BEGIN DATA EXTRACTS
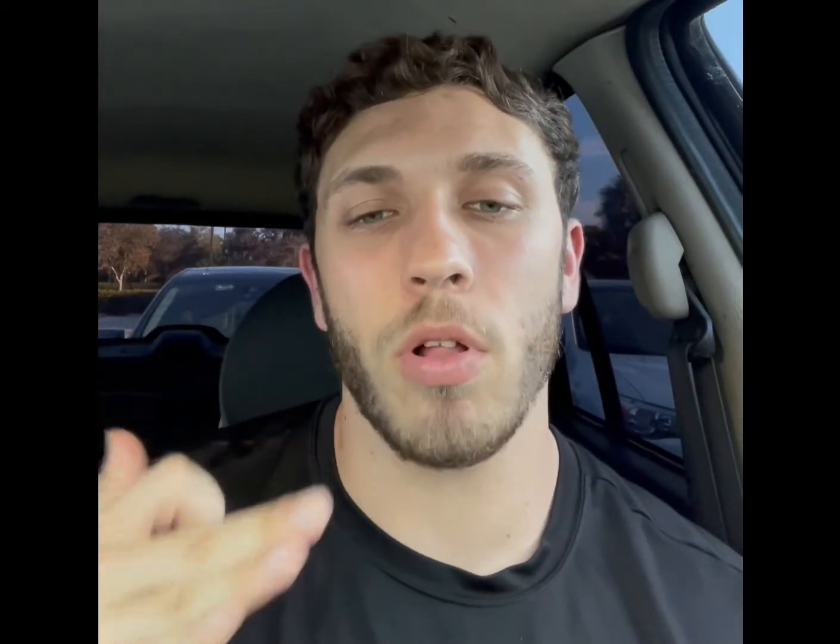We're going three sets of ten — feel it out and see if you can get three sets of ten. The third exercise is going to be EZ bar pullovers.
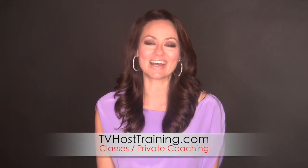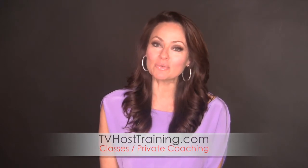So let me know how this works out for you. Please leave your comments below. Make sure you subscribe to my channel so you can get my weekly media training tips. And if you're interested in private coaching or classes, just go to tvhosttraining.com. Tune in next week when we go into what it's like to be interviewed by a casting director. Thanks so much.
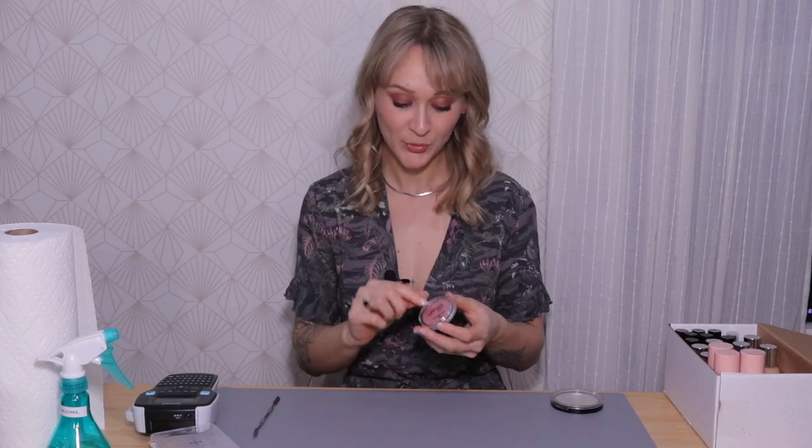I also have this blush from Essence that I bought recently to depot. For powder products in plastic packaging, you have to try different techniques to see which one works best — sometimes you can melt the glue at the bottom, sometimes you have to melt the packaging to bend it and get the pan out. It really depends on how the packaging is built, and powder products can be a bit tricky because they're quite fragile. To melt the packaging or glue you have to use heat — a hair straightener, an induction board, or even a stove — so be really, really careful not to burn yourself. Depotting can be quite dangerous.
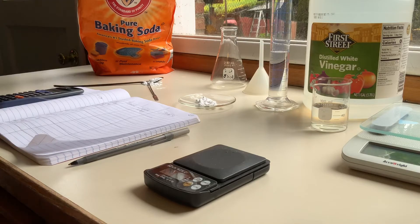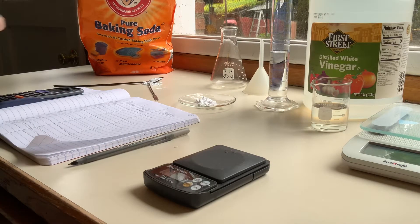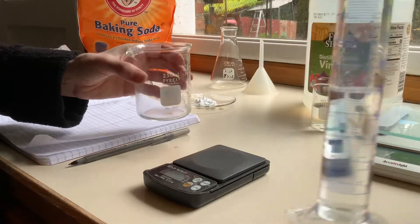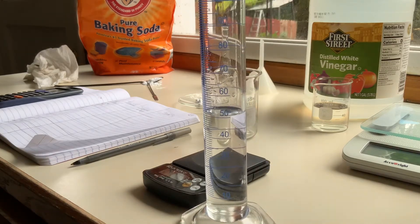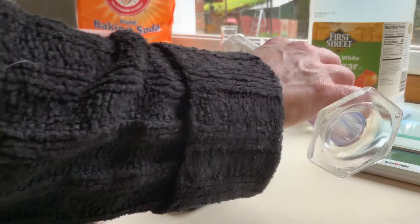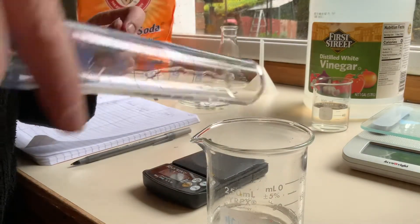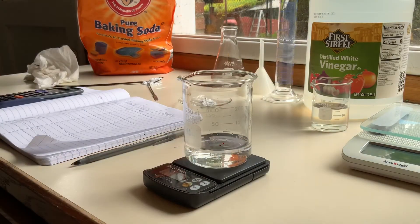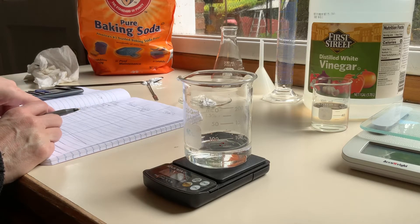I'm going to take my beaker, make sure it's dry, and re-zero the balance. In the lab we'd love to work with two decimal places but we don't get that in this case. I have my clean dry beaker and I need to add my acid. You can see I've got 50 milliliters — the camera moved to the other side. It doesn't have to be precise; we're using excess acid to make sure we react all of the sodium bicarbonate.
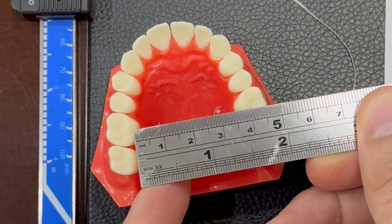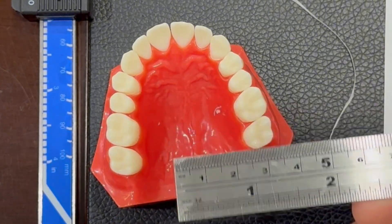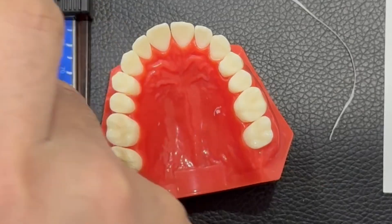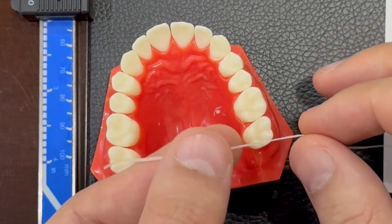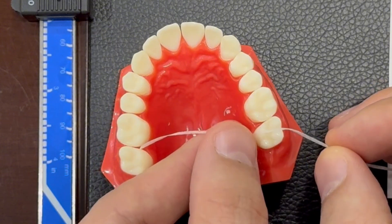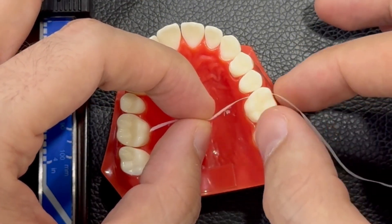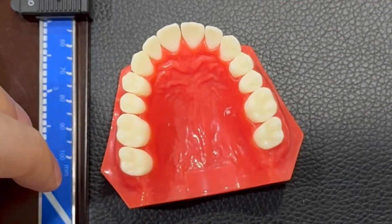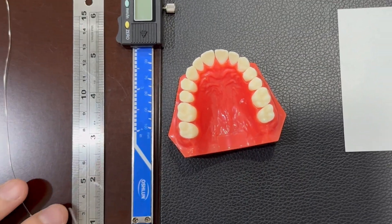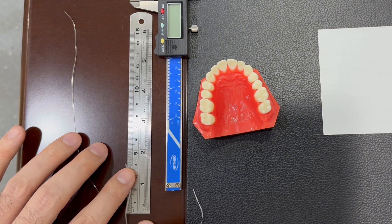It's not easy to place the ruler inside the patient's mouth, so we have different ideas. Either use dental floss with the help of someone, or measure with a tweezer — just take it like this and measure to this point, then place it on the ruler again to find the right width of the maxilla.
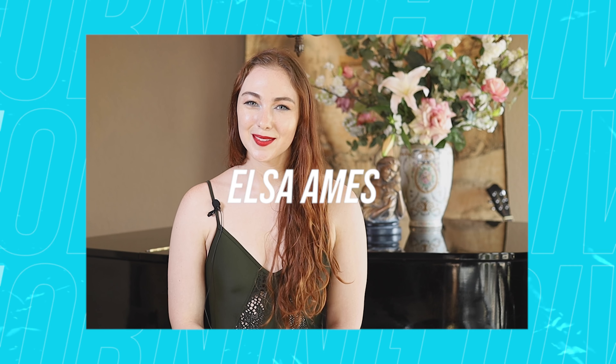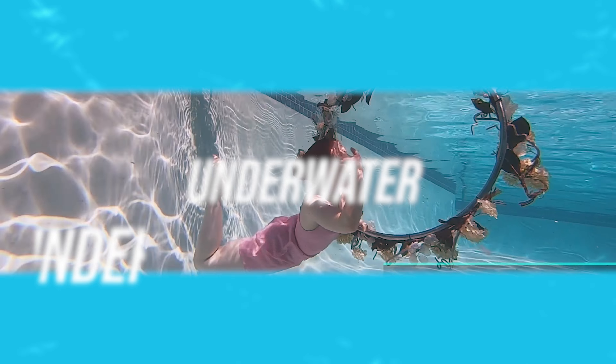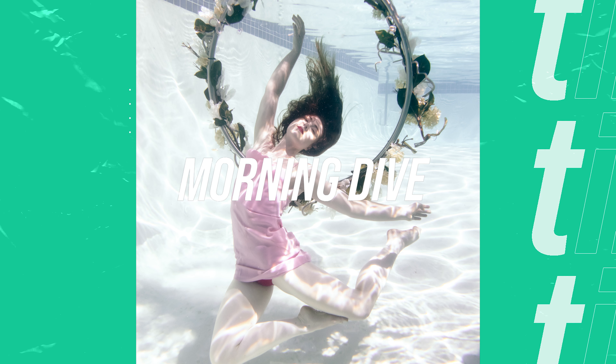I'm Elsa Ames and this is Morning Dive. I'm Elsa, I'm from New Jersey, and I'm doing an aerial hoop underwater performance today.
END DATA EXTRACTS
EXERCISE AIM: Without any of its images, the data above should be returned exactly.

SOLUTION:
We're going three sets of ten — feel it out and see if you can get three sets of ten. The third exercise is going to be EZ bar pullovers.
So let me know how this works out for you. Please leave your comments below. Make sure you subscribe to my channel so you can get my weekly media training tips. And if you're interested in private coaching or classes, just go to tvhosttraining.com. Tune in next week when we go into what it's like to be interviewed by a casting director. Thanks so much.
I also have this blush from Essence that I bought recently to depot. For powder products in plastic packaging, you have to try different techniques to see which one works best — sometimes you can melt the glue at the bottom, sometimes you have to melt the packaging to bend it and get the pan out. It really depends on how the packaging is built, and powder products can be a bit tricky because they're quite fragile. To melt the packaging or glue you have to use heat — a hair straightener, an induction board, or even a stove — so be really, really careful not to burn yourself. Depotting can be quite dangerous.
I'm going to take my beaker, make sure it's dry, and re-zero the balance. In the lab we'd love to work with two decimal places but we don't get that in this case. I have my clean dry beaker and I need to add my acid. You can see I've got 50 milliliters — the camera moved to the other side. It doesn't have to be precise; we're using excess acid to make sure we react all of the sodium bicarbonate.
It's not easy to place the ruler inside the patient's mouth, so we have different ideas. Either use dental floss with the help of someone, or measure with a tweezer — just take it like this and measure to this point, then place it on the ruler again to find the right width of the maxilla.
I'm Elsa Ames and this is Morning Dive. I'm Elsa, I'm from New Jersey, and I'm doing an aerial hoop underwater performance today.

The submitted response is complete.